1. We think that the only serious question of the case is whether the premuim was paid by the delivery of the notes in question. The application which was forwarded to the company stated that $61.32 had been paid in advance upon account. The policy was executed by the defendant with the understanding that the premium had been paid to the agent, and that the insured was therefore entitled to the immediate delivery of the policy. It is very well settled that where nothing remains to be done by the insured, the mailing of the policy duly executed to the insured or to an agent of the company for delivery to the insured constitutes a delivery. Yonge v. Equitable Life Ins. Soc. (C. C.) 30 Fed. 902;Mutual Res. Life Fund Ass'n v. Farmer (Ark.) 47 S. W. 850; Hallock v. Comm. Ins. Co., 26 N. J. Law, 268; N. Y. Life Ins. Co. v. Babcock (Ga.) 30 S. E. 273,42 L. R. A. 88, 69 Am. St. Rep. 134;Hartford, etc. Ins. Co. v. Lasher Stocking Co., 66 Vt. 439, 29 Atl. 629,44 Am. St. Rep. 859;Dailey v. Ass'n, 102 Mich. 289, 57 N. W. 184,26 L. R. A. 171. The contract is complete when the application is accepted, and the acceptance signified by mailing the policy. Tayloe v. Mer., etc., Ins. Co., 9 How. (U. S.) 390, 13 L. Ed. 187;Heiman v. Phoenix Ins. Co., 17 Minn. 153 (Gil. 127), 10 Am. Rep. 154; Article, 16 Western Jurist p. 337.
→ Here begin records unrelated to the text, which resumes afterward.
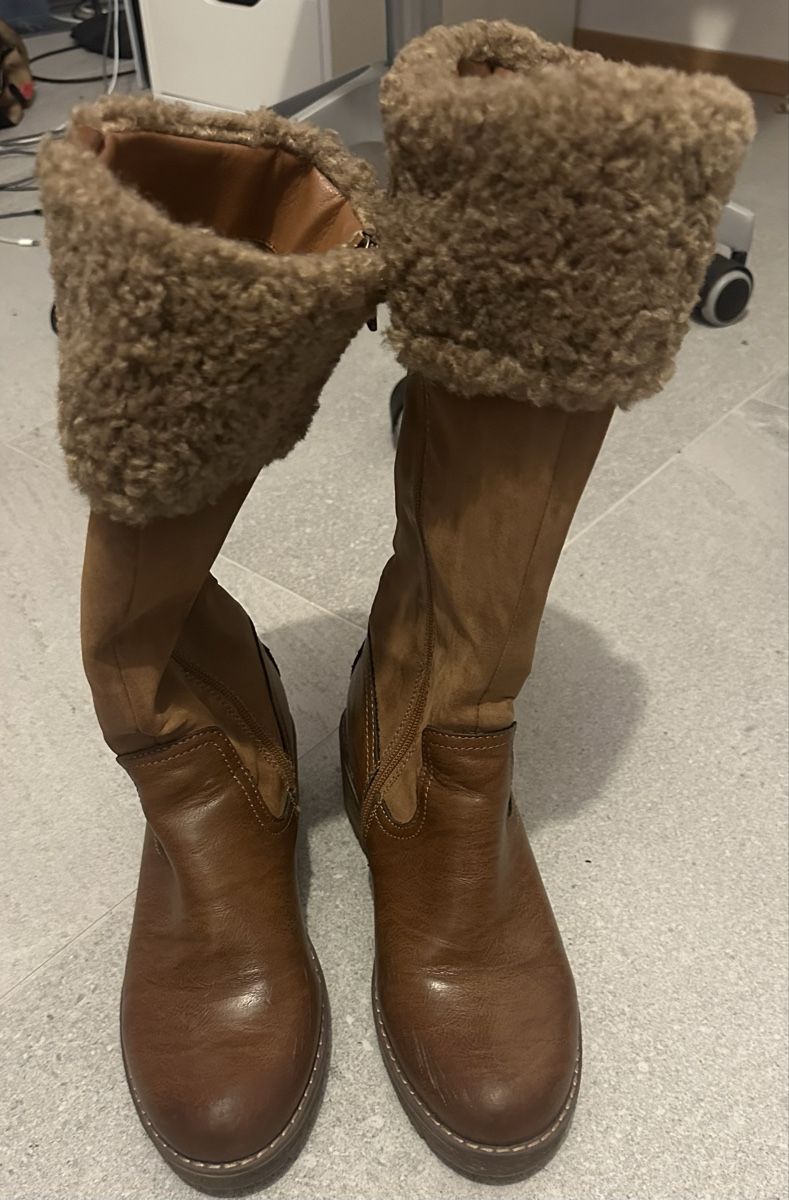 Damenschuhe: Winterstiefel "Refresh", Grösse 38, – Gebraucht aus Fahrwangen von lya_n6l6
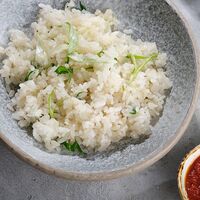 Рис с зеленым луком
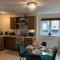 Exquisite Modern Homely 2 Bed Apartment with On-street Parking, Super Fast WIFI & 5 mins drive to Science & Business Parks - Cambridge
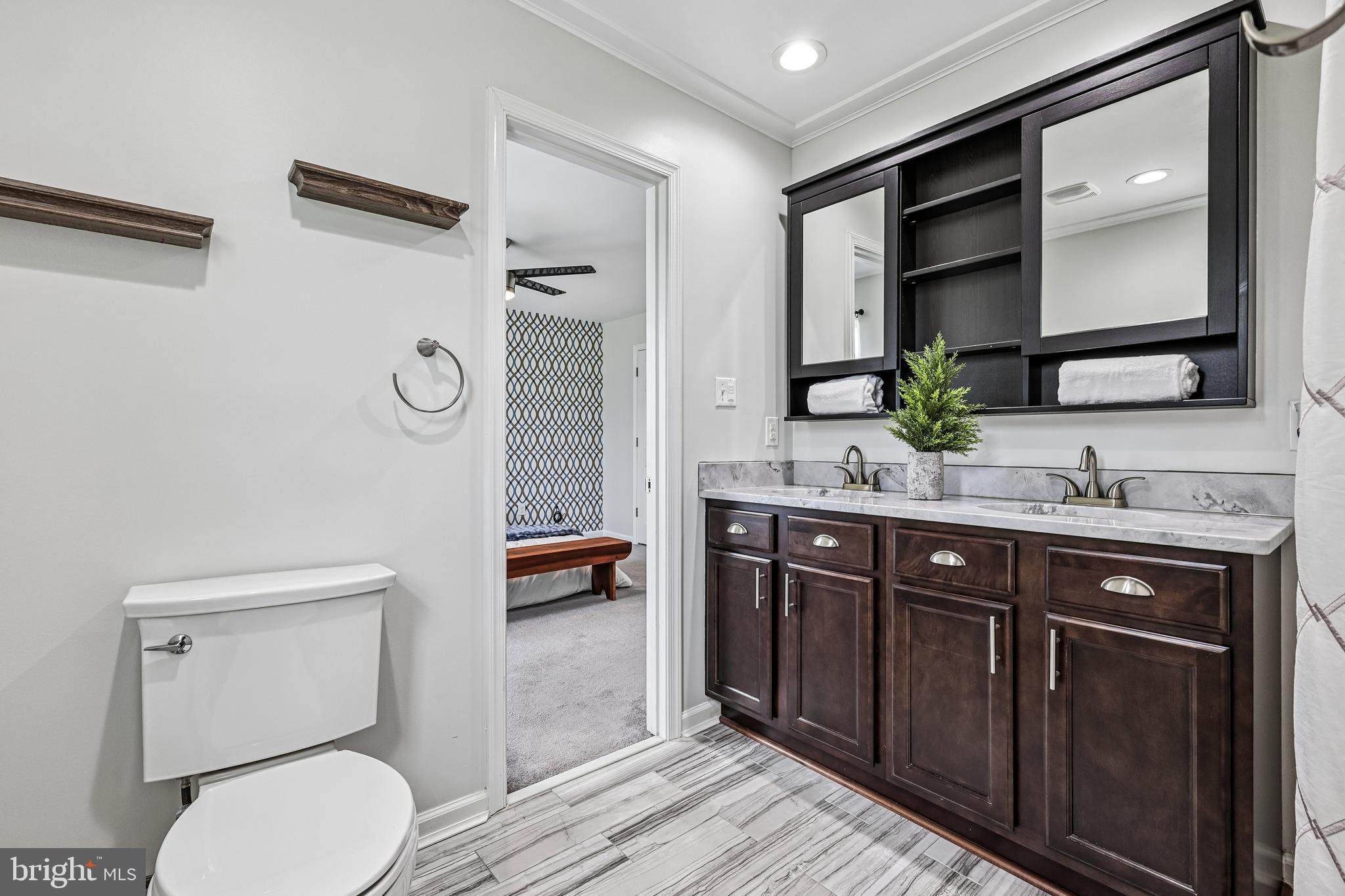 CEDAR RUN ESTS - Residential
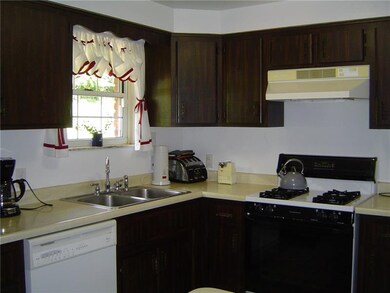 Plenty of storage in the kitchen.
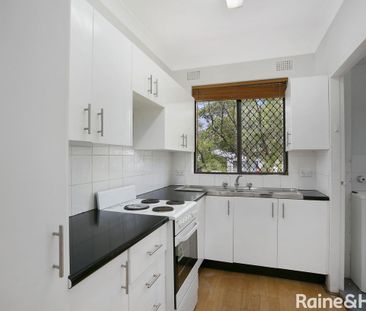 2/82-84 Hunter Street, Hornsby, NSW 2077 - Photo 1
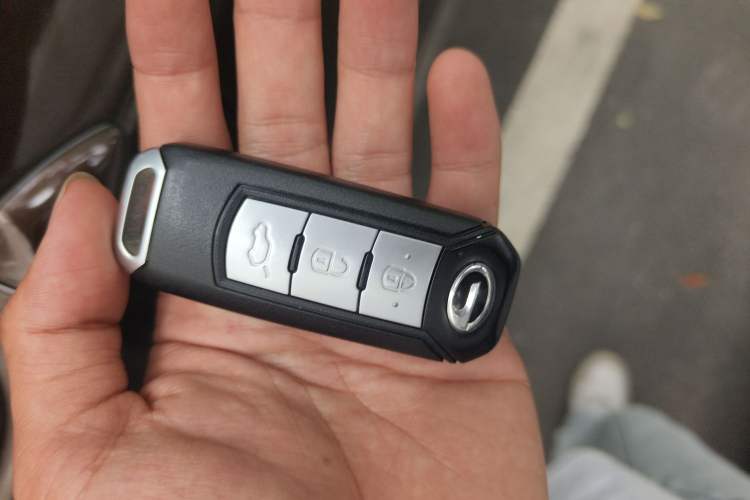 Used GAC Trumpchi GS5 2013 1.8T Automatic All-Wheel-Drive Luxury Edition
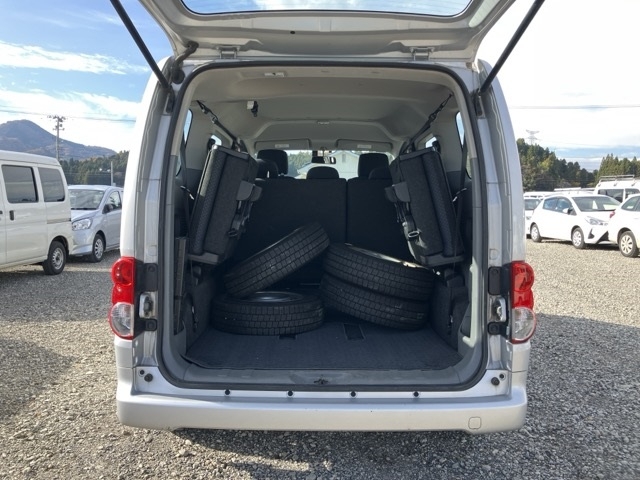 NISSAN NV200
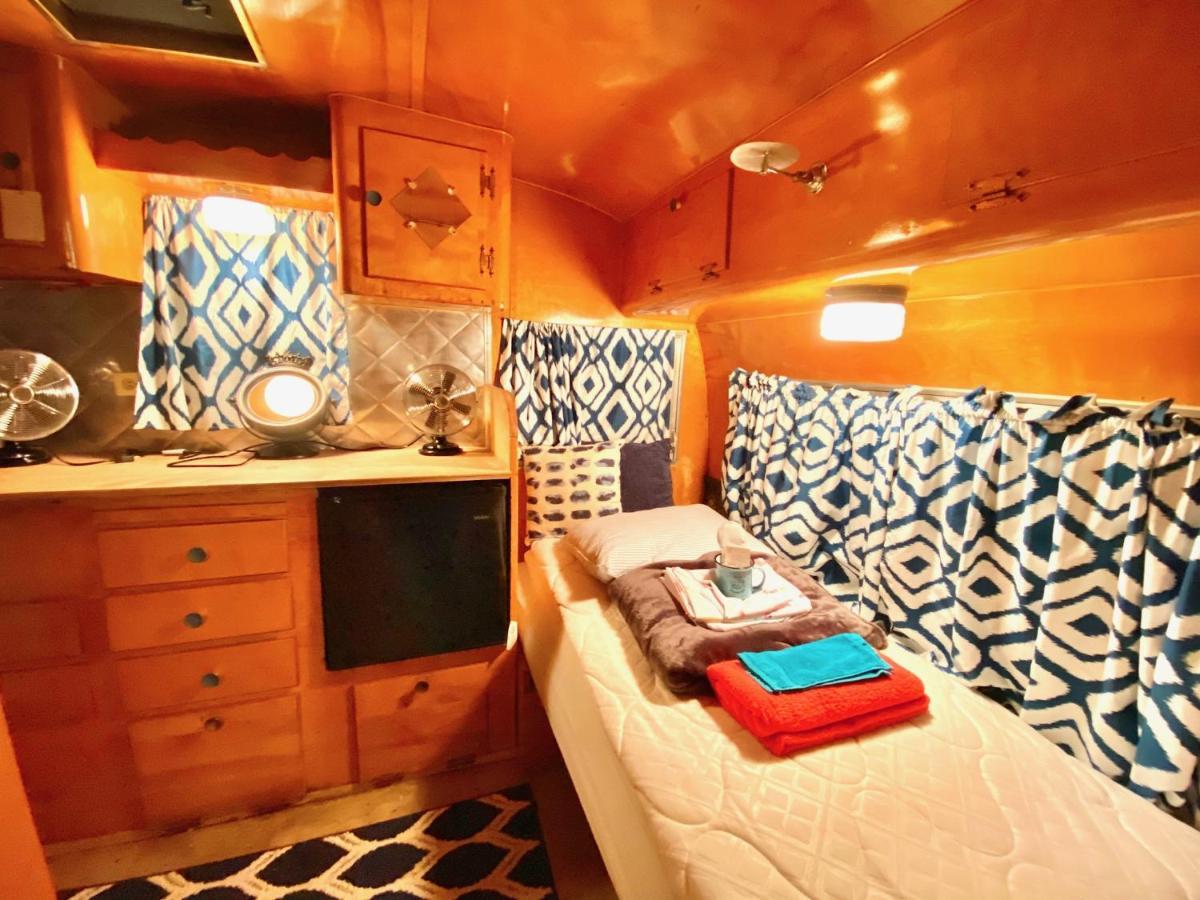 Lone Star Glamp Inn Warrenton Eksteriør billede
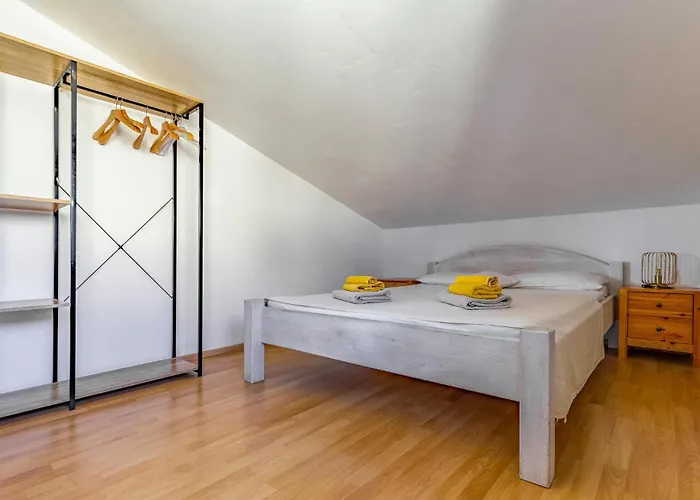 아파트 Awesome In 반졸레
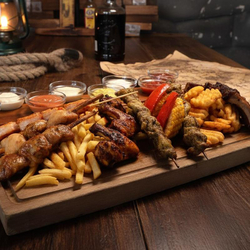 Piraten-Dinner für 2, Ein Abend voller Genuss & Abenteuer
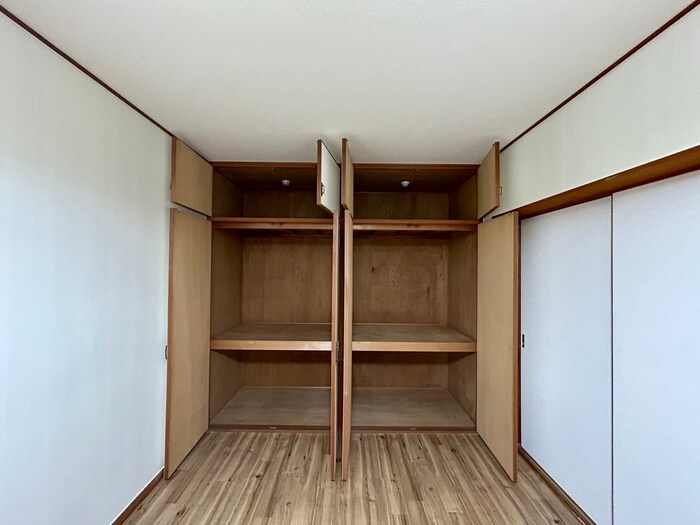 物件内観写真14　(収納)
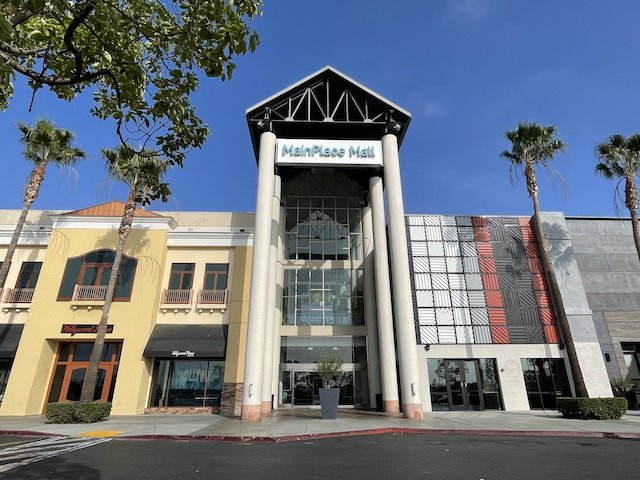 Shopping Centers in Orange County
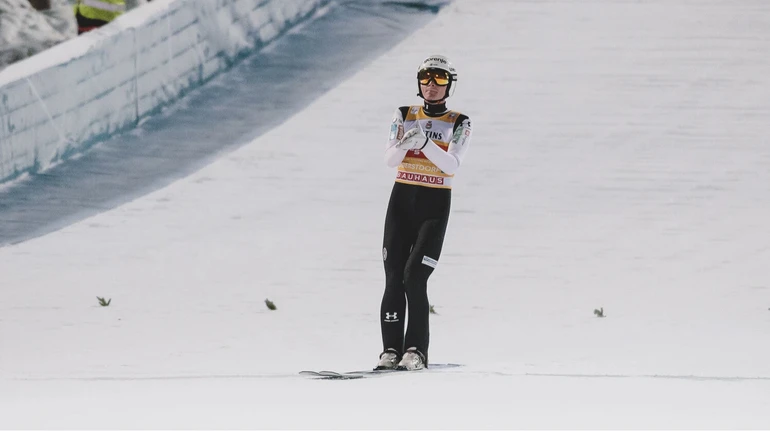 Турне четырех трамплинов. Домен Превц во второй раз подряд нокаутировал соперников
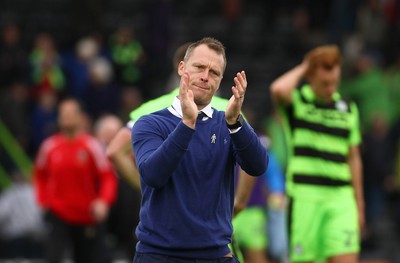 141017 Forest Green Rovers v Newport County - EFL SkyBet League 2 - Manager of Newport County Mike Flynn salutes the travelling support at the end of the game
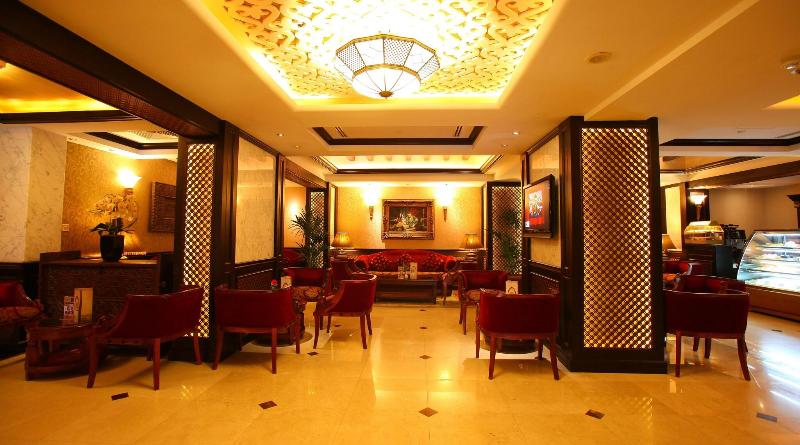 Arabian Courtyard Hotel And Spa - Bar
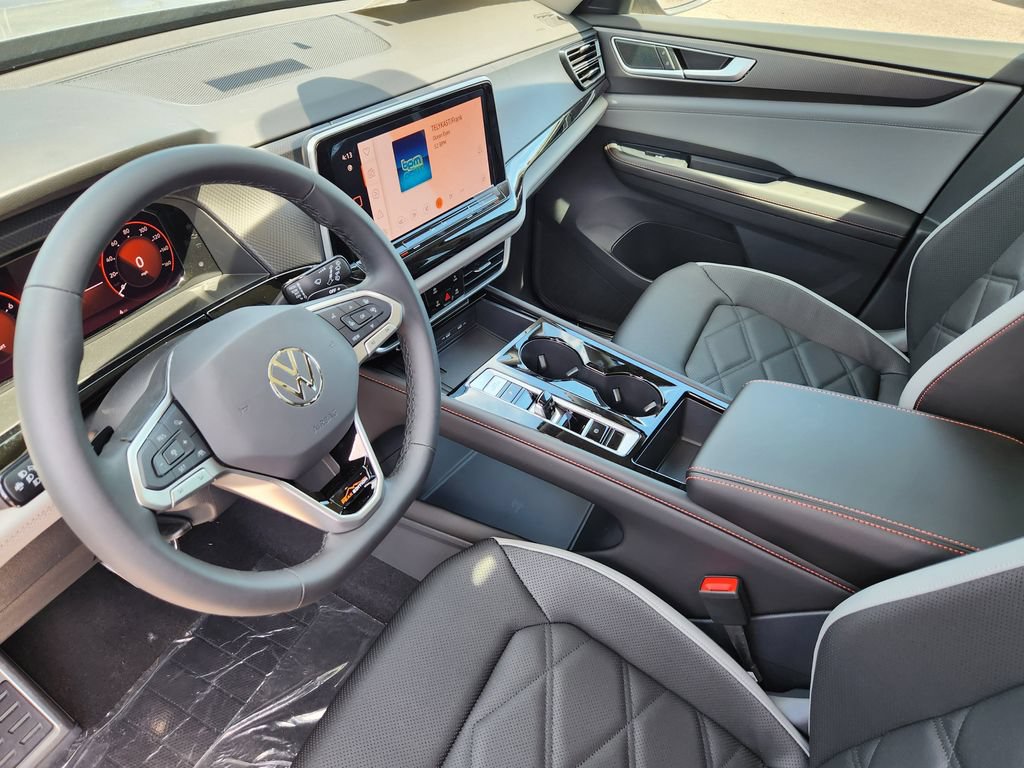 New 2026 Volkswagen Atlas Peak Edition AWD/4WD image 10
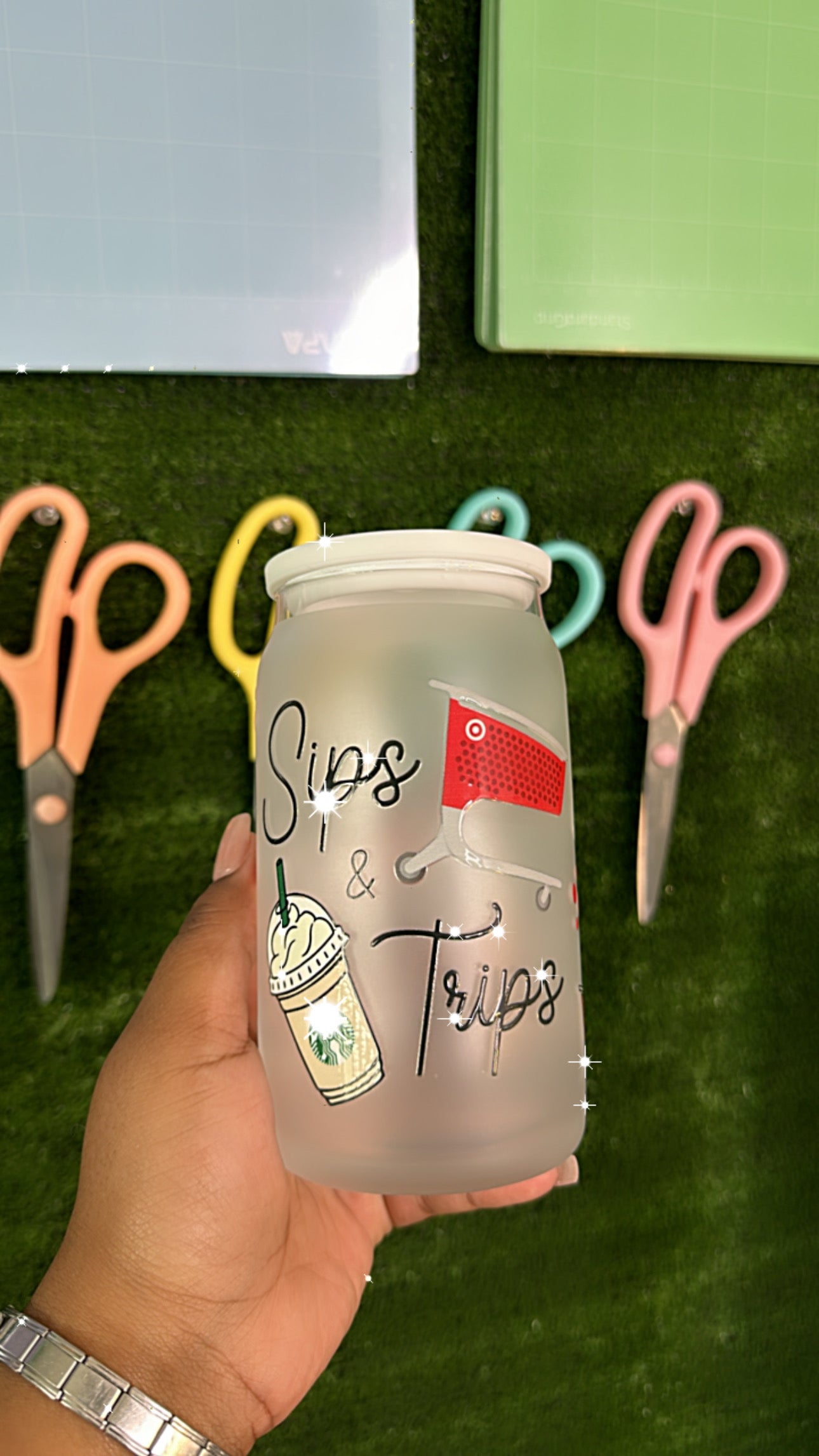 Sips & Trips glass can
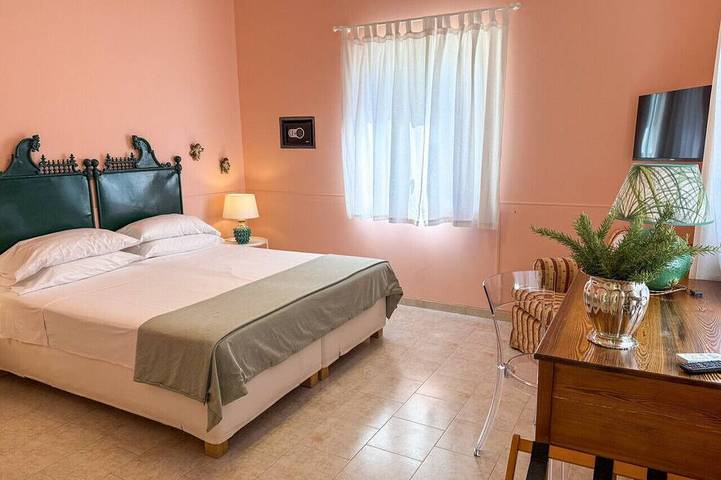 Gîte pour 5 personnes, avec jardin, animaux acceptés à Mazzarino - 2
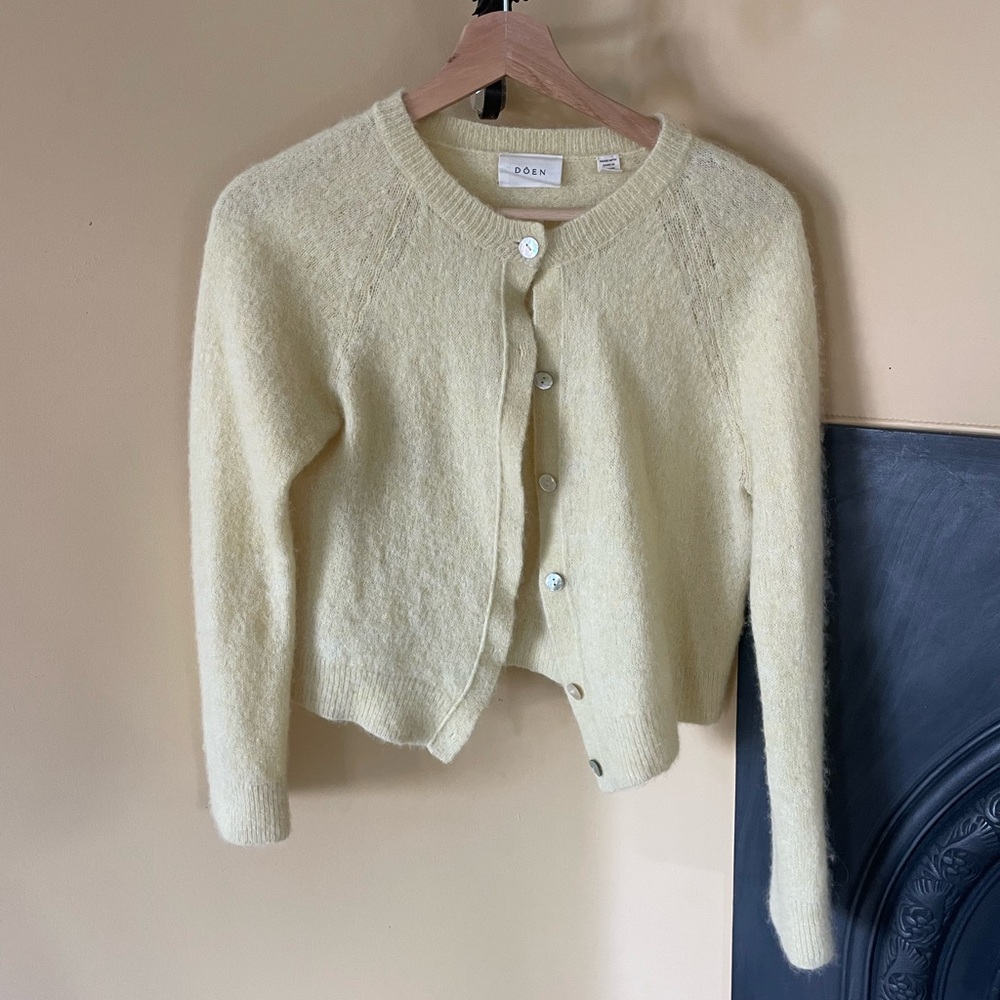 doen petra cardigan in yellow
2. The policy contains no provision that the first premium shall be paid in cash only. Premiums are made payable at the home office in Newark, N. J., or to an agent of the company on or before due in exchange for official receipts signed by the president and secretary and countersigned by an authorized agent of the company. This provision manifestly has no application to the first premium, and if it had it would not be controlling, as the policy was issued with knowledge that the first premium had already been paid to the agent of the company who at the time could not have had possession of the policy or an official receipt. The application upon which the policy was issued recited that the applicant had paid already in advance on account, $61.32. The company, therefore, knew that the agent had received the first premium, and, after issuing the policy with this information, if could not be heard to deny the authority of the agent who received the premium had it been paid in cash. There is also a provision in the policy to the effect that no agent has power to extend the time of paying the first premium, but the insured never saw the policy and provisions in it of which he had no knowledge could have no application to matters which occurred before the policy was issued. Kausal v. Minn., etc., Ins. Co. 31 Minn. 17, 16 N. W. 430,47 Am. Rep. 776; Cont. Ins. Co. v. Ruckman, 127 Ill. 364,20 N. W. 77,11 Am. St. Rep. 121. It must also be remembered that there is no evidence in the record of any express limitations upon the authority of Knudtson or as to the manner in which he is to collect the premium. The agent assumed to have authority to accept the notes and there is a presumption that a person known to be an agent is acting within the scope of his authority. Inglish v. Ayers, 79 Mich. 516, 44 N. W. 942;Austrian, etc., Co. v. Springer, 94 Mich. 343, 54 N. W. 50,34 Am. St. Rep. 350:Bessemer Land & Imp. Co. v. Campbell, 121 Ala. 50,25 South. 793,77 Am. St. Rep. 17. It follows that if the delivery of the promissory notes to Knudtson constituted payment of the first premium the policy was in force when the insured died, and the plaintiff is entitled to recover.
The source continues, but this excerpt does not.